The legislation is part of a series of bills signed by McAuliffe that promote wind, solar and energy storage technologies.
SB 1258, introduced by Sen. Adam Ebbin, expands the purpose of the new Solar Energy and Battery Storage Development Authority to include positioning the state as a leader in research, development, commercialization, manufacturing, and deployment of energy storage technology. The powers of the authority are expanded to include
- Promoting collaborative efforts among Virginia’s public and private institutions of higher education in research, development, and commercialization efforts related to energy storage,
- Monitoring relevant developments nationally and globally,
- Identifying and working with the state’s industries and nonprofit partners.
In addition, the measure expands the size of the authority 11 to 15 members.
“Today, I am honored to sign these bills into law, furthering the great work we’re doing to support and promote the clean energy sector across the Commonwealth,” McAuliffe said at the bill signing ceremony, according to the governor’s office. “It is clear that Virginia is moving in the right direction, especially with the recent announcement of record growth in our solar industry, but there is still work to do. Together, with our partners in the General Assembly and the private sector, I will continue to implement policies that bolster the entire clean energy industry in the Commonwealth.”
The governor’s office said that other bills pertaining to renewables that were signed by McAuliffe yesterday include:
- SB 1393, which creates a path for the development of community solar programs in the service territories of Appalachian Power Company (ApCo), Dominion, and the Electric Cooperatives. Each utility will develop its own territory-specific program that allows citizens and businesses the ability to “subscribe” to receive electricity generated by a small centrally-located solar generation system.
- SB 1394 and HB 2303, which are identical bills, create a Small Agricultural Generators Program — a new framework for the generation of renewable energy at agricultural facilities and how that energy can be sold to utilities.

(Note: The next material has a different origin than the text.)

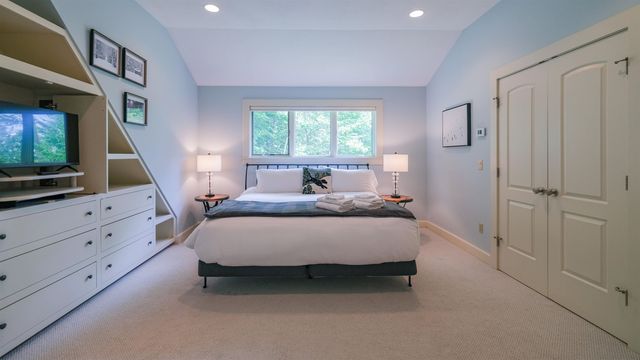 27 Johnson Loop, Ludlow, VT 05149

- SB 1395 increases the allowable maximum size of renewable projects to be eligible to be permitted through the state’s Permit by Rule (PBR) process from 100 MW to 125 MW. These projects are exempt from environmental review and permitting by the State Corporation Commission. SB 1395 also exempts projects that are being built for use by a single customer of a utility from having to apply for and receive a Certificate of Public Convenience and Necessity from the SCC.